The UK's tax collector is budgeting to spend more than £2 billion on new tech deals in the next couple of years, including a contract set for AWS and another for Capgemini to be awarded without competition.
According to a spreadsheet of the procurement pipeline for this year and next, His Majesty's Revenue & Customs (HMRC) is starting with a data warehouse transformation program with a contract value estimated at £410 million.
The document says: "HMRC intends to procure a single contract to deliver the transformation of its Legacy Data Warehouses (LDWs), combining existing run and change services with the migration and decommissioning of LDW platforms." The planned procurement replaces no existing contract.
The legacy technology in question is most likely to be SAP ECC Business Warehouse, according to an earlier framework order. SAP is at the center of an ERP overhaul worth £246 million to the German vendor, which also won an award to upgrade the tax system technology in an uncontested deal worth £275 million.

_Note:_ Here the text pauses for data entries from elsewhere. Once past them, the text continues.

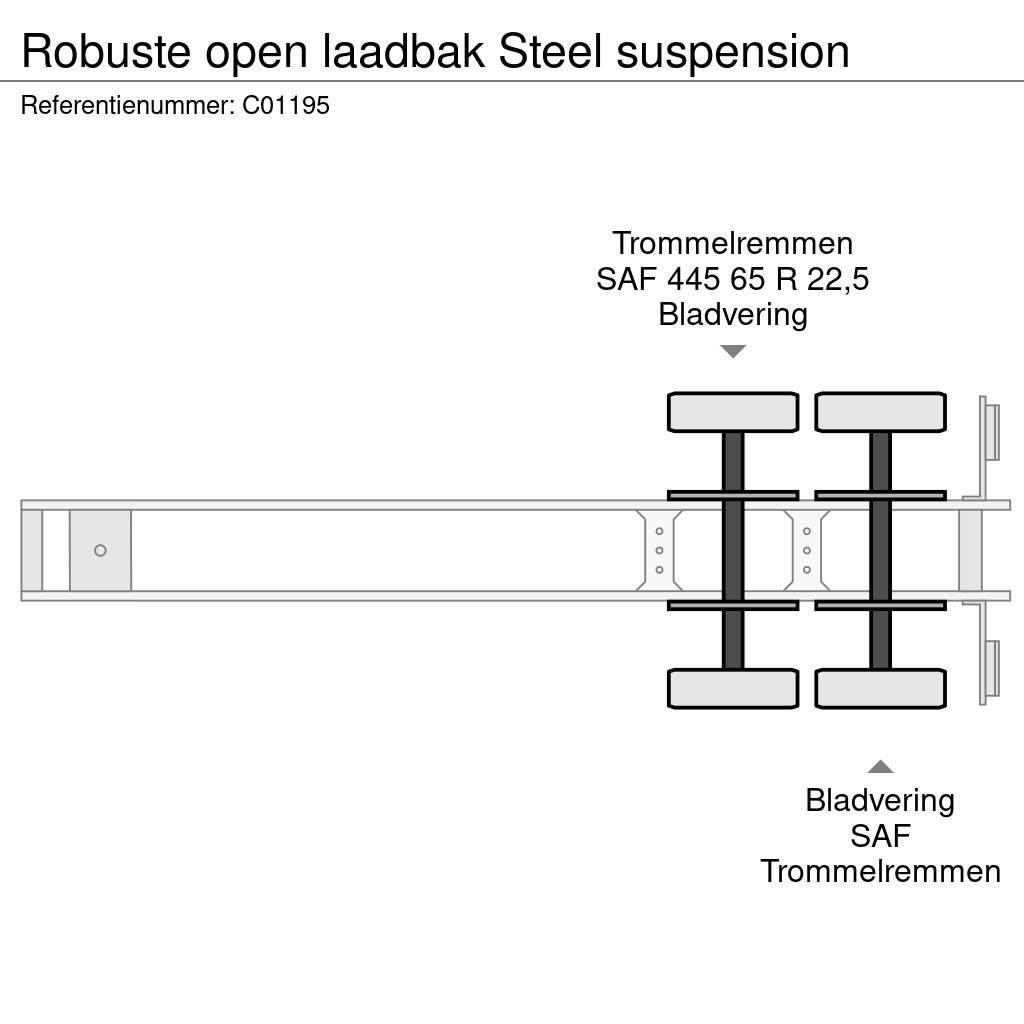 Robuste open laadbak Steel suspension Plato/keson polprikolice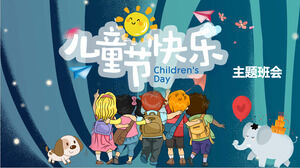 Styl ilustracji kreskówki Dzień Dziecka temat klasy spotkanie szablon PPT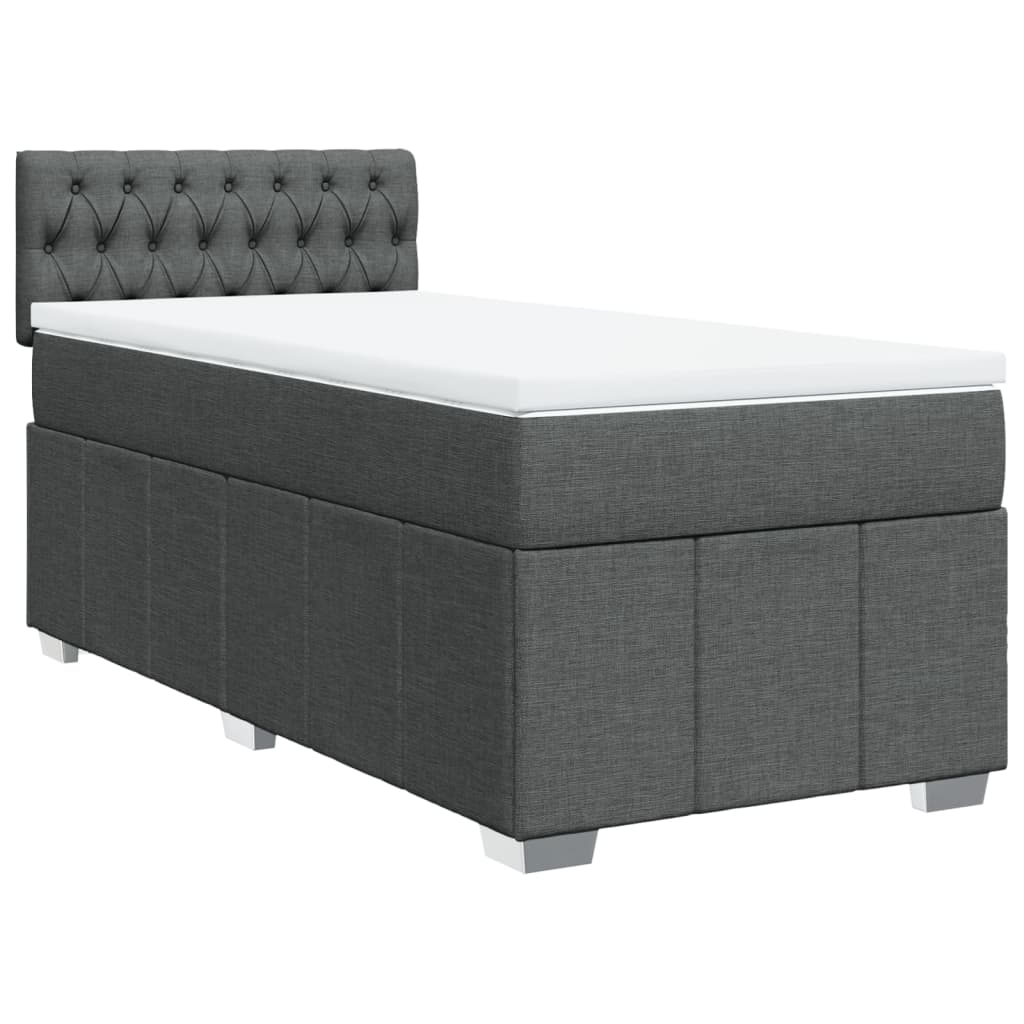 Giroletto a Molle con Materasso Grigio Scuro 100x200 cm Tessuto | homemem39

The second-largest tech deal in the offing is for AWS Public Cloud Compute, with a value earmarked at £350 million. It is to replace an existing contract awarded to AWS for £350 million.
The third in terms of estimated value is "Digital Platforms Run and Change Products," which asks for IT services to support application services including legacy live services. HMRC estimates this procurement will be worth up to £306 million. The winner will replace the current contract for "Award of Digital Platforms Run (Platforms and Products)," handed to Accenture in May 2024 for the same value.
There are four more procurements in the pipeline for more than £200 million in the next couple of years, including Mobility and Workplace services contract (support HMRC's devices including help desk for end users, £250 million), Digital Platforms Run and Change Platforms (IT services to support platform run applications for the Government Gateway, Multi-channel Digital Tax Platform, and Customer Insight Platform, £250 million), and Data Centre Services (£220 million).
Lastly, there is the Legacy - Retained HMRC Services Contract worth £214 million. HMRC promises this will be a "direct award" and will replace Core Business Platform Support and Maintenance Services, which was awarded to Capgemini for £214.5 million without prior publication of a call for competition. The French outsourcer later saw that deal extended without competition for another £107 million.
The Register has asked HMRC if the "direct award" contract means it will once again go to Capgemini uncontested.
In 2024-25, HMRC spent £1.16 billion on IT and telecoms while collecting £858.9 billion in tax. In June's Spending Review, the government said departments would perform a Zero-Based Review (ZBR) of budgets, taking a "digital-first approach" and involving chief digital and information officers. The result was that HMRC received an additional £1.6 billion from 2026-27 to 2028-29 to "modernize and reform HMRC's IT and data infrastructure," according to the National Audit Office (NAO), the public spending watchdog.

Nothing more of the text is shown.